• [TASK TO CARRY OUT]:
Every line below must be reproduced exactly; no pictures are to be included.

--

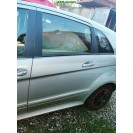 Tür hinten links Mercedes Benz B-Klasse W245 Farbcode 761 Polarsilber Metallic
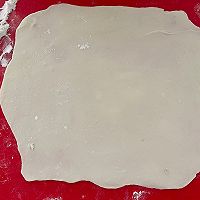 用不太喜欢的肥肉做个酥脆鲜香的油渣饼吧！的做法图解3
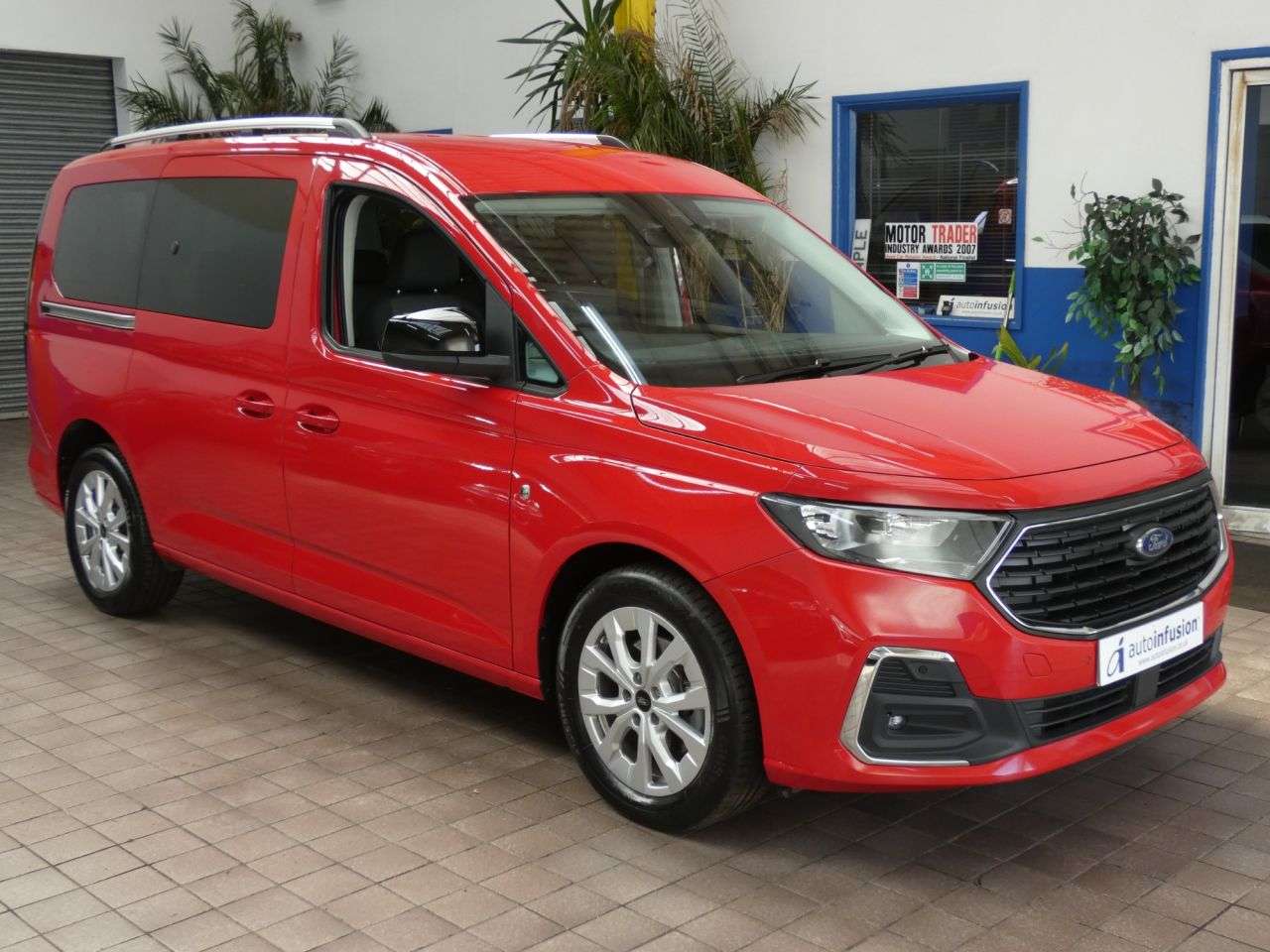 2024 FORD GRAND TOURNEO CONNECT 2024 FORD GRAND TOURNEO CONNECT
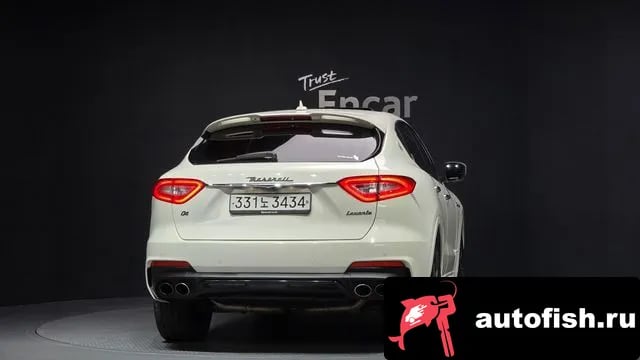Maserati Levante Lebante 2019 года - вид 4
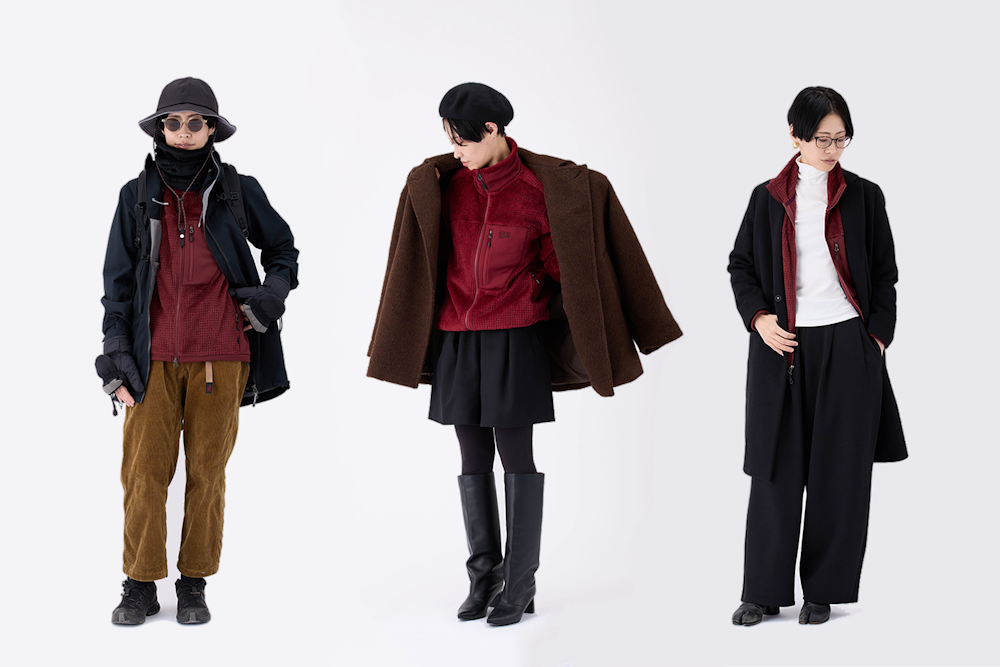 寒い日もアクティブに！登山だけじゃもったいない、YAMAP別注アイテムの万能着回しコーデ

--

• [EXPECTED ANSWER]:
 Tür hinten links Mercedes Benz B-Klasse W245 Farbcode 761 Polarsilber Metallic
 用不太喜欢的肥肉做个酥脆鲜香的油渣饼吧！的做法图解3
 2024 FORD GRAND TOURNEO CONNECT 2024 FORD GRAND TOURNEO CONNECT
Maserati Levante Lebante 2019 года - вид 4
 寒い日もアクティブに！登山だけじゃもったいない、YAMAP別注アイテムの万能着回しコーデ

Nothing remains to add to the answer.